## Saved data entries
= = = = =

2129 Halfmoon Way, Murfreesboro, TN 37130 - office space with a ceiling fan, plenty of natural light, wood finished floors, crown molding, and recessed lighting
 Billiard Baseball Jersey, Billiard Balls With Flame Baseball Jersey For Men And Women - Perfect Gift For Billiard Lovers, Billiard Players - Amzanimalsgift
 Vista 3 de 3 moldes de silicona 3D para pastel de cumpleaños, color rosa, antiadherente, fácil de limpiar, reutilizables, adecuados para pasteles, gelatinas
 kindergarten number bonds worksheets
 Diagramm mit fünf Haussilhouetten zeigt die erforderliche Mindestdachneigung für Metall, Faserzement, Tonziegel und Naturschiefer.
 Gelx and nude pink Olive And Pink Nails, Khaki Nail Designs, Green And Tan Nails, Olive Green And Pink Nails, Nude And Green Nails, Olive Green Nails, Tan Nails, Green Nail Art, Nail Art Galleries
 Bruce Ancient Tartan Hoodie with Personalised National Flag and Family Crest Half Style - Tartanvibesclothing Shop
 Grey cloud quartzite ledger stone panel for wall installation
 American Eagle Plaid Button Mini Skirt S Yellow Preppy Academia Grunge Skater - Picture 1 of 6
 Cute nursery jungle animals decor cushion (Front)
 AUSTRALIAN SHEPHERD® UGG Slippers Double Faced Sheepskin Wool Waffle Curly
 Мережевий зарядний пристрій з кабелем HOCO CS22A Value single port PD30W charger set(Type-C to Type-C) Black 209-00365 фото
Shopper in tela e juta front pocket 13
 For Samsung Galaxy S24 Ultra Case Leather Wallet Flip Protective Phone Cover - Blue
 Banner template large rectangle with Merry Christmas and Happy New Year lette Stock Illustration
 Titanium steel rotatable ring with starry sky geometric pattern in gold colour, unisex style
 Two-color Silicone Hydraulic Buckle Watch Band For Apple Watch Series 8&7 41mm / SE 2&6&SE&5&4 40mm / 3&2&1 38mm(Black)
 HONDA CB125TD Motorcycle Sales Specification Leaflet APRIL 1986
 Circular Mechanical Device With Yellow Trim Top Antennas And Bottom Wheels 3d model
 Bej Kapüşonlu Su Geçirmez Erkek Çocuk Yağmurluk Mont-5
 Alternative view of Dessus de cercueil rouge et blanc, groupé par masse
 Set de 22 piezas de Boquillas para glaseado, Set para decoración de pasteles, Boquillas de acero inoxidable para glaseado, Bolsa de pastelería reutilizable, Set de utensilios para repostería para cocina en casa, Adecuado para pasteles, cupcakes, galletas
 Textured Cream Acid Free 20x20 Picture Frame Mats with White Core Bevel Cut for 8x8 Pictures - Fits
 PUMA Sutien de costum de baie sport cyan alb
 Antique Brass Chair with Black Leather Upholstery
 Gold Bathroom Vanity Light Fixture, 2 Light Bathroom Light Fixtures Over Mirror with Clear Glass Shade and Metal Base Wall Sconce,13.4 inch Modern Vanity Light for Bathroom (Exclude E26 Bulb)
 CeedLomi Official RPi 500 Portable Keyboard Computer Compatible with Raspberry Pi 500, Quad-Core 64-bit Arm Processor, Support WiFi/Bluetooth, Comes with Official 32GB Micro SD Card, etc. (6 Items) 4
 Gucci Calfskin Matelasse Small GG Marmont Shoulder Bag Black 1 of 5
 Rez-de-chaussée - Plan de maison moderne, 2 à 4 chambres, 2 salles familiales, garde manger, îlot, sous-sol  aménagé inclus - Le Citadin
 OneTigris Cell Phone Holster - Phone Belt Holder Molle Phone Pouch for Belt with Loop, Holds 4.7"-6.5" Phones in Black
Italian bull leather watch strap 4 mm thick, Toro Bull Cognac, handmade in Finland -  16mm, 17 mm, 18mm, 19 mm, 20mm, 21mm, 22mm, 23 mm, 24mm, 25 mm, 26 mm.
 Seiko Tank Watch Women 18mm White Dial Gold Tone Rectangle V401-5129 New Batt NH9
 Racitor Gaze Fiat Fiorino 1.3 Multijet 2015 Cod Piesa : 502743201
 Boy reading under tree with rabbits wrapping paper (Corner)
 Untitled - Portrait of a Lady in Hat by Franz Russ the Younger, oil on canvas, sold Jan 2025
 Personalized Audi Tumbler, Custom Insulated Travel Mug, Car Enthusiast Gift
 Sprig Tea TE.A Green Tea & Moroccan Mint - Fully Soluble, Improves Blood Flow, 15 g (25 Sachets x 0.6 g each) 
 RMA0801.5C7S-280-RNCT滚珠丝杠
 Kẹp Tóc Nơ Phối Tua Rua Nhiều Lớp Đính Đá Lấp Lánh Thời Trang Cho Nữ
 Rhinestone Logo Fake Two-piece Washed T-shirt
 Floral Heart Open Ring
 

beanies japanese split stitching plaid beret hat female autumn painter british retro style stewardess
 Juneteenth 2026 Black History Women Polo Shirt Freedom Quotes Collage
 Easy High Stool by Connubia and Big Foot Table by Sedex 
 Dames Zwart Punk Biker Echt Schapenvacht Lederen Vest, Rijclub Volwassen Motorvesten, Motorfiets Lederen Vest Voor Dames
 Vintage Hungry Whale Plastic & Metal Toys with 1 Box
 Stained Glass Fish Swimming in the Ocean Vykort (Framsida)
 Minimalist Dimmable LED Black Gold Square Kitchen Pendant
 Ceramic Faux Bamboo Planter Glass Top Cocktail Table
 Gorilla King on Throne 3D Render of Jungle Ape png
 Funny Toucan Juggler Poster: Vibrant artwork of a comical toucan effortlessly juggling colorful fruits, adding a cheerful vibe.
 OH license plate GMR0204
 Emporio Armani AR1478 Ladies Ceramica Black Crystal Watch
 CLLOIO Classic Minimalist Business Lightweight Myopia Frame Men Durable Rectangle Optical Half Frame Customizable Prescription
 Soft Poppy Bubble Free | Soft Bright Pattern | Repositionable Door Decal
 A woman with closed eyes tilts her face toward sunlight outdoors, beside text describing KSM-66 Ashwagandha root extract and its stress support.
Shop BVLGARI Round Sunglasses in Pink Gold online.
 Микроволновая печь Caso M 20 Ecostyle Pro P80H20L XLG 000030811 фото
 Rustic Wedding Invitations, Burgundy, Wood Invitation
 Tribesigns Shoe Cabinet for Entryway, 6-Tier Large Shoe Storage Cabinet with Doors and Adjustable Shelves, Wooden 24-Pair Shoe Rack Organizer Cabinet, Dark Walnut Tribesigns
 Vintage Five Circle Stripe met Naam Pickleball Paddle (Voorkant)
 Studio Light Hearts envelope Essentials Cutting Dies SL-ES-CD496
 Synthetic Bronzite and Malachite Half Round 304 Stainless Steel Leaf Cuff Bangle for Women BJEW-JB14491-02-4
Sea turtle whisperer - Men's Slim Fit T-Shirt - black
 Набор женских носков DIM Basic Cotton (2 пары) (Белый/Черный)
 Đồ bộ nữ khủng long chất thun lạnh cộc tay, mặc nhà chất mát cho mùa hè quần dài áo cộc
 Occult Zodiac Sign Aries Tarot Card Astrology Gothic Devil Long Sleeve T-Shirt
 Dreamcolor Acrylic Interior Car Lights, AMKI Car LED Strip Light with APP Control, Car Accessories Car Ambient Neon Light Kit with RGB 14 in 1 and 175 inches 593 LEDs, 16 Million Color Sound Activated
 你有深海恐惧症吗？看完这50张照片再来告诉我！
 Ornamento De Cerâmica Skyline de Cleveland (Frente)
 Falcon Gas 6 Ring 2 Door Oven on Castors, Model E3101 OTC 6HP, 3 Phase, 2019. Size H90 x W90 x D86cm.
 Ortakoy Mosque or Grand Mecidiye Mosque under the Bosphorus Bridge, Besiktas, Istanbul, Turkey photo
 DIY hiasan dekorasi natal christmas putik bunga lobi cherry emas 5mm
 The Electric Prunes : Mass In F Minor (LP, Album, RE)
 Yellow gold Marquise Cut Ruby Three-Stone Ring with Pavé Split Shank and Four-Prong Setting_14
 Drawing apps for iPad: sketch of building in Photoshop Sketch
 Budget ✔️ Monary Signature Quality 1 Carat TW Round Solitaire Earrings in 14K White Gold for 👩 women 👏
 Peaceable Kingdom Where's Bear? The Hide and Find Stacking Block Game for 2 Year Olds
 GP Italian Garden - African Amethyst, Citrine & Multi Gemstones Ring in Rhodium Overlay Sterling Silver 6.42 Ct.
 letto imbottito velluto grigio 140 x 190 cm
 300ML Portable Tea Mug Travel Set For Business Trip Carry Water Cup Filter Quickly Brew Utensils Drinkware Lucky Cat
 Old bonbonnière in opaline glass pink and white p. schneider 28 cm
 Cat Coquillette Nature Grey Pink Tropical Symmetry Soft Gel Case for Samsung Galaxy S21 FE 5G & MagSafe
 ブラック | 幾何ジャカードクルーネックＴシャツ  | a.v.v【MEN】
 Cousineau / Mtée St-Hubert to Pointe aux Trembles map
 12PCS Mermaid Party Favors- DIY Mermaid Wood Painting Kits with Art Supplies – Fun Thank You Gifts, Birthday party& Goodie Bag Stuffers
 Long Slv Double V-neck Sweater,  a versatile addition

= = = = =

## What is required
Filter the lines above so that only those with the string "Year" remain, then copy them.

## Output below
 Banner template large rectangle with Merry Christmas and Happy New Year lette Stock Illustration
 Peaceable Kingdom Where's Bear? The Hide and Find Stacking Block Game for 2 Year Olds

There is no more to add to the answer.